El “brillante” alumno sin embargo, había ofrecido una respuesta que, no pudiendo ser considerada errónea en sí misma, en modo alguno podría ser legítimamente válida en una solución fundamentada empleando la física, por su razonamiento burdo, peculiar y ciertamente ofensivo, al responder que; “Llevamos el citado barómetro a la azotea del edificio, a su parte más elevada, atando a uno de sus extremos una cuerda muy larga, tras lo cual, descolgamos este hasta llegar a la base del mismo, procediendo a marcar y medir. La longitud empleada de cuerda será igual a la altura del edificio”.

Así que el profesor Calandra determinaba que, si bien encontraba aquella respuesta ciertamente original y hasta cierto punto válida, no debería la misma obtener una buena calificación, pero tampoco menospreciar, con un cero, aquel razonamiento, proponiendo una nueva oportunidad al alumno, algo a lo que aquel profesor accedía a realizar.

Reunidos en uno de los despachos del Departamento de Física, el profesor Calandra pedía al joven alumno resolver la misma pregunta del barómetro, eso sí, advirtiéndole que en dicha ocasión debería en su respuesta acreditar sus conocimientos de física, disponiendo de seis minutos, para la realización de aquella prueba.

Tras cinco minutos sin que aquel estudiante hubiera escrito nada, Calandra le preguntaba si deseaba abandonar la prueba, siendo la respuesta de aquel que “tenía varias soluciones posibles” y dudaba en elegir “la mejor de todas”, ante lo cual, el profesor, se disculpaba por haberle interrumpido, rogándole continuar.

En el minuto que tenía disponible, escribía lo siguiente; aplicamos para la resolución del ejercicio la fórmula del movimiento de “caída libre”, [h= Vi * t + ½ * g * t2] [siendo h (altura en metros), v (velocidad inicial), t (tiempo de inicio del movimiento), y g (la aceleración de la gravedad)]. Tomando el barómetro lo dejamos caer al suelo desde la azotea del edificio, calculando con un cronómetro el tiempo de su caída y una vez obtenido este, aplicamos la fórmula, altura = 0,5 por [a] por [t] al cuadrado, dándonos como resultado la altura del edificio en cuestión”–.

Respuesta que era, considerada por ambos, más que satisfactoria y que le concedía la máxima puntuación.

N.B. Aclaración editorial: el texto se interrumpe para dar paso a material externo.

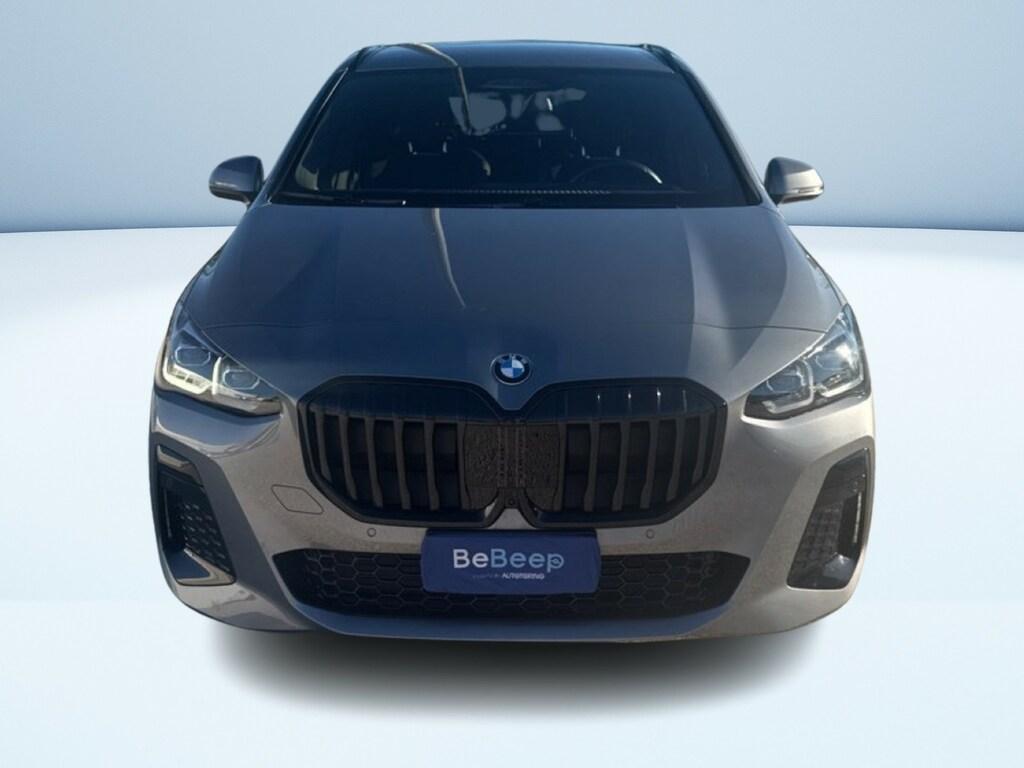 BMW Serie 2 218d Active Tourer Msport auto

Fuera del despacho, coincidía Calandra con aquel alumno en la puerta de uno de los ascensores, pidiéndole, movido por la curiosidad, que le contara aquellas respuestas en las que había estado dudando en contestar.

“Bueno”– dijo, –“es que hay muchas; como la del cálculo de los triángulos semejantes, el del teorema de Tales, formando un triángulo entre uno de los lados del edificio, con un objeto determinado del que sepamos su altura, y de este último con el propio barómetro, trazando una línea perpendicular para averiguar sus ángulos y así poder obtener la altura del edificio”–.

También podríamos calcular su altura tomando como referencia la sombra que traza el edificio comparándola con la que proyectaría, en este supuesto, el propio barómetro, al realizar un cálculo de simple proporción.

–“Hay más con las que dudaba contestar. Una vez situado en la parte más baja del edificio procedes a subir por las escaleras del mismo. A medida que vas ascendiendo, realizas sobre sus paredes marcas que correspondan con la altura del barómetro, hasta llegar hasta arriba, procediendo a contar el número total de marcas. Si multiplicamos la altura del barómetro por el de marcas efectuadas obtendremos la solución del problema”–.

Y continuar señalando que;

–“También podríamos atar el barómetro con una cuerda y moverlo como si fuera un péndulo, calculando la gravedad cuando el barómetro esté a la altura de la azotea y en su trayectoria circular al iniciar el descenso al pasar por la perpendicular del edificio, siendo resultante de la diferencia de ambos valores, la altura del edificio”–.

–“Aunque probablemente”–, siguió argumentando sus posibles respuestas ante el asombro del profesor, –“la más fácil y sencilla sería golpear la puerta de la casa del conserje con el mismo barómetro, y cuando abra la misma decirle; señor, aquí tengo este bonito barómetro. Si me dice la altura de este edificio, se lo regalo”–.

Un asombrado Calandra, ante tantas respuestas acertadas le preguntaba si conocía la respuesta que se consideraba como válida, “la convencional”, la que señala que la diferencia de presión marcada por un barómetro en dos lugares diferentes proporciona la diferencia de altura entre ambos lugares.

Claro que la sé”, contestaba aquel, –“pero he tenido profesores que sobre todo me han enseñado a pensar”–.

Ya lo decía la antropóloga Margaret Mead –“Los niños deben aprender cómo pensar y no en qué pensar. Si aprendes a pensar serás dueño de tu propia vida, de tus actos y de tus decisiones”–.